Hoffa’s fat pad irritation
Hoffitis is the name given to a swelling and/or irritation of Hoffa’s fat pad. This fat pad is located at the front of the knee, behind the patellar tendon that runs down into the lower leg.
Typical symptoms of hoffitis are local swelling and pain under the kneecap. The condition can arise either acutely or over a long period of time.
Description of condition
Named after the person who discovered this knee structure, Hoffa's fat pad is a deposit of fat that fills the space behind the patellar tendon. This fat pad helps nourish and lubricate the knee joint and contains cells that are important for inflammatory processes of the knee. It is also assumed to act as a shock absorber for the knee.
This fat pad can cause problems if it becomes trapped between the bones during extension of the knee. The fat pad then becomes irritated and swollen. The latter is visible in the form of lumps on either side of the patellar tendon.

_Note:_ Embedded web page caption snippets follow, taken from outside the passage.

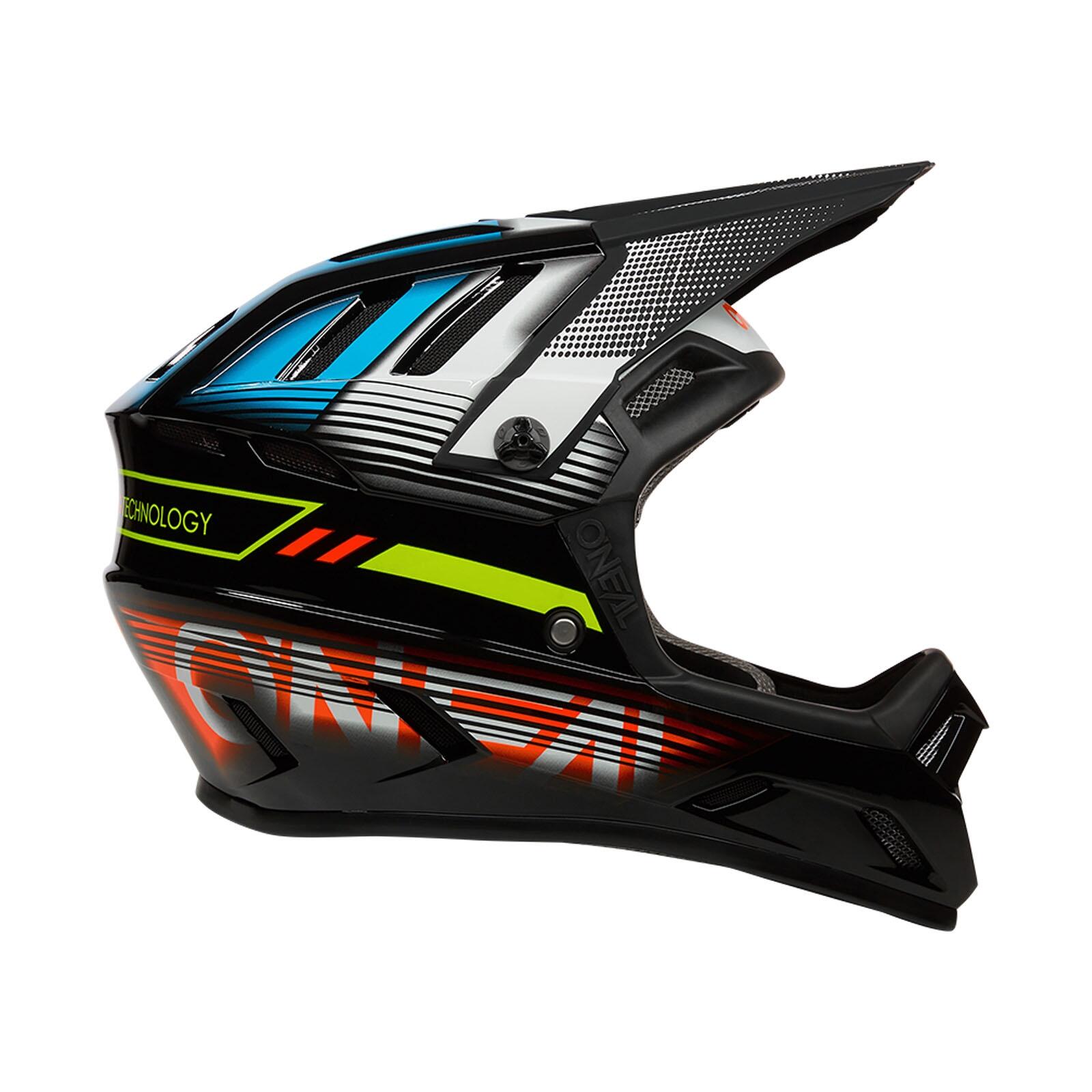 Casque de vélo homme Backflip Eclipse 4/6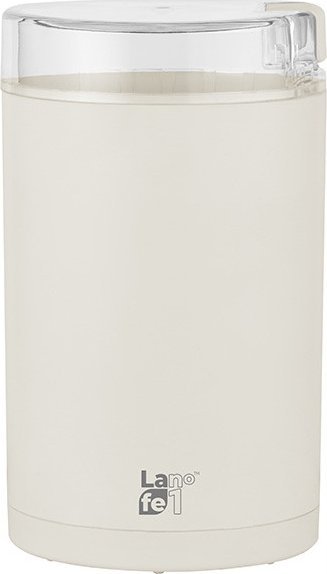 фото Кавомолка електрична Lafe Ivory MKB-005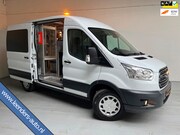 Ford Transit - Servicewagen 2.0 TDCI 130pk euro6 L2H2 Trend Sortimo Inricht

This is known as hoffitis.
Cause and history
Hoffitis may occur acutely, for example, due to a fall or as a result of another problem with the knee. A more gradual development of the symptoms is also possible. In the latter case, there is chronic (long-term) irritation which, at some point, causes (more) symptoms.

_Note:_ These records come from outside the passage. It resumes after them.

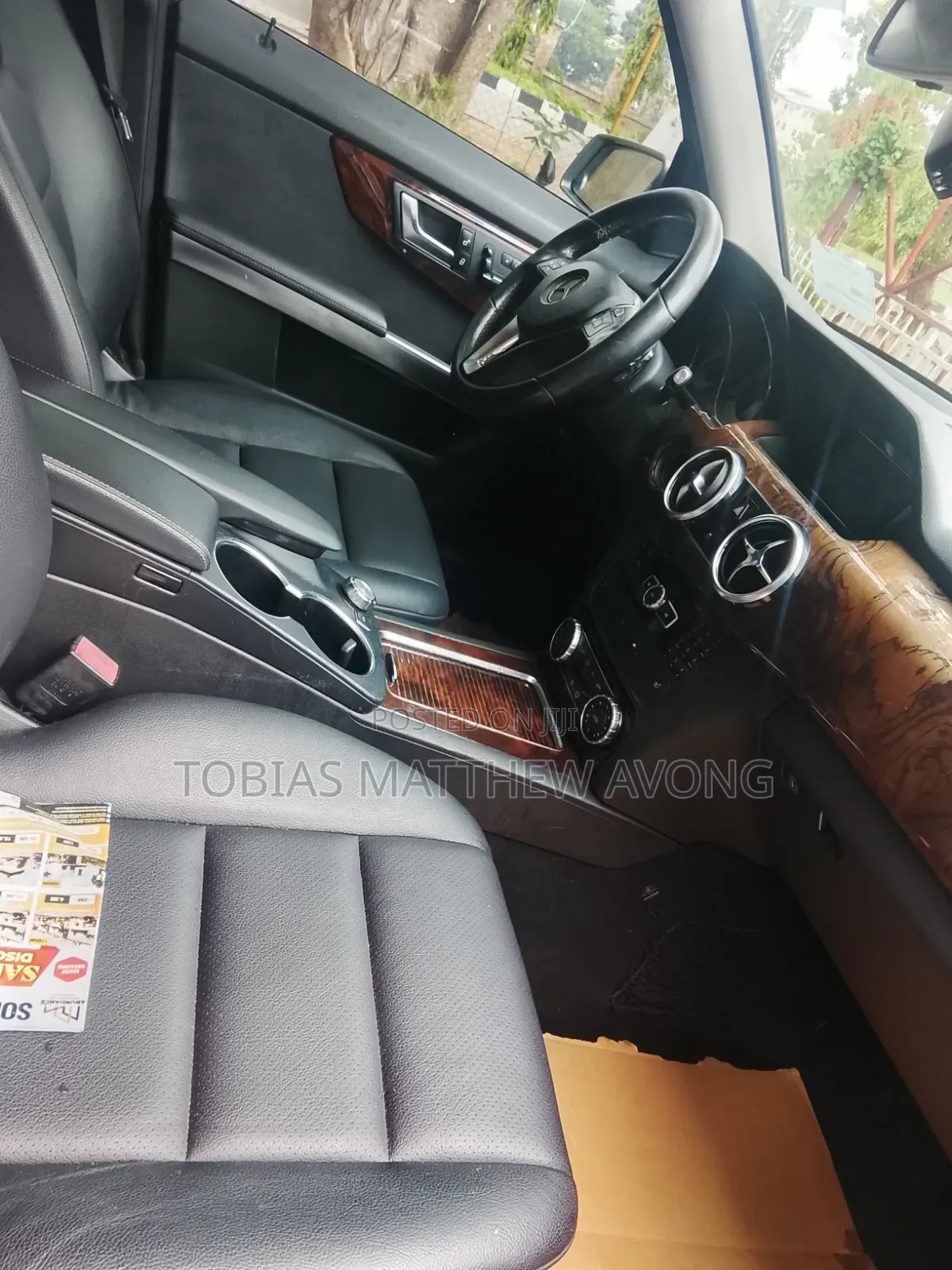 Mercedes-Benz GLK-Class Base GLK 350 4dr 4x2 (3.5L 6cyl 7A) 2015 Gray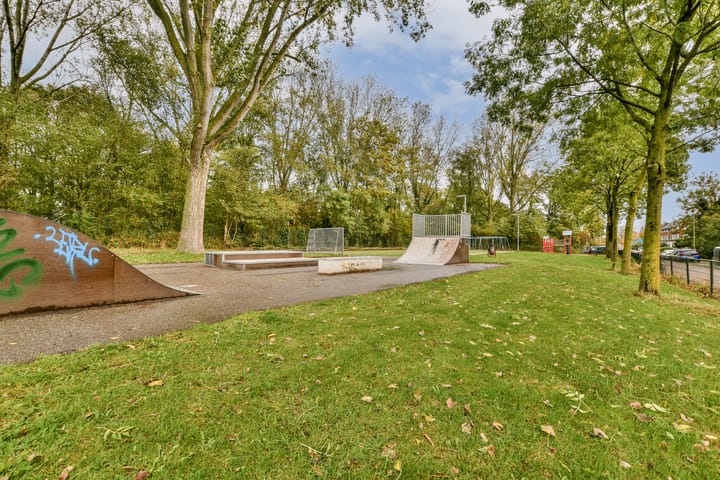 Foto 20 van Diepenbrockweg 224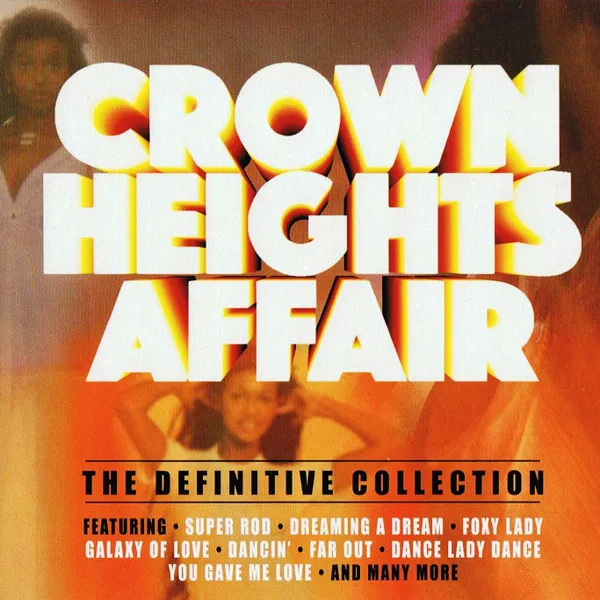 The Definitive Collection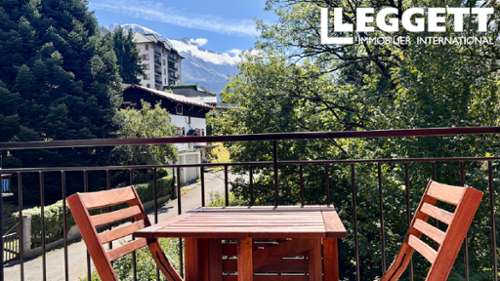 Les Contamines-Montjoie Haute-Savoie maison foto 7433544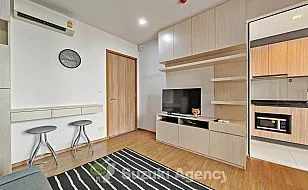 Hasu Haus：1 BED ROOM Interior Photos No.23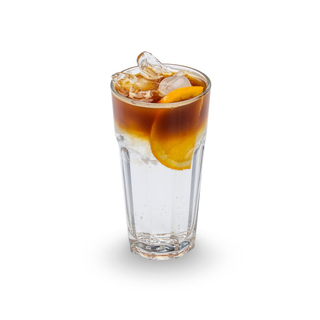 Espresso tonic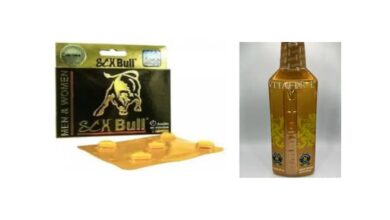 Photo of Invima retira suplementos que podrían causar ceguera y sordera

People who hyper-extend their knee frequently run a greater risk of developing this condition. This is because the fat pad then has less space and may become trapped. Hoffitis is relatively common in people who run or walk a lot, especially in combination with flat feet.
Signs & symptoms
Hoffitis is accompanied by the following symptoms:
- Pain at the front of the knee.
- Visible local swelling on both sides of the patellar tendon (bulge or thickening).

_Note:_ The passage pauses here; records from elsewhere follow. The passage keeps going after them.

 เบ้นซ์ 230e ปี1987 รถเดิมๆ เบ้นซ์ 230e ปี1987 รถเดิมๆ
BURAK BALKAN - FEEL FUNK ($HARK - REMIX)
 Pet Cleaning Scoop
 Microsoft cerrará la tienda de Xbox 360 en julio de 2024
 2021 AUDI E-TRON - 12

- Increased symptoms when (hyper)extending the knee or squatting.
The diagnosis of hoffitis is usually made by a (general) physician or physiotherapist. After reviewing the symptoms and the way they arose, a physical examination should follow. This will examine the swelling in the area of the patellar tendon. A special test, in which the Hoffa’s fat pad is put under pressure, will be used to inquire about recognized pain.
If there are acute symptoms, another knee problem needs to be ruled out as a possible cause. This can be achieved by additional testing, such as an MRI. This will also show the fat pad.
Because the fat pad is well supplied with blood, hoffitis generally recovers well. It is important to find out what caused the symptoms and what factors are maintaining the symptoms. Taking sufficient rest and preventing hyperextending of the knee is sufficient in most cases.
It can be useful to have a good look at your gait pattern. If necessary, the fitting of insoles or heel lifts may help prevent hyperextending the knee.
If hoffitis is the result of another underlying knee problem, this should be resolved first. In such cases, hoffitis then often disappears by itself.
In some cases, hoffitis does not heal. In that case, the part of the fat pad causing symptoms can be surgically removed.
Nugteren, K. van & Winkel, D. (2010). Onderzoek en behandeling van anterieure kniepijn. Houten: Bohn Stafleu van Loghum.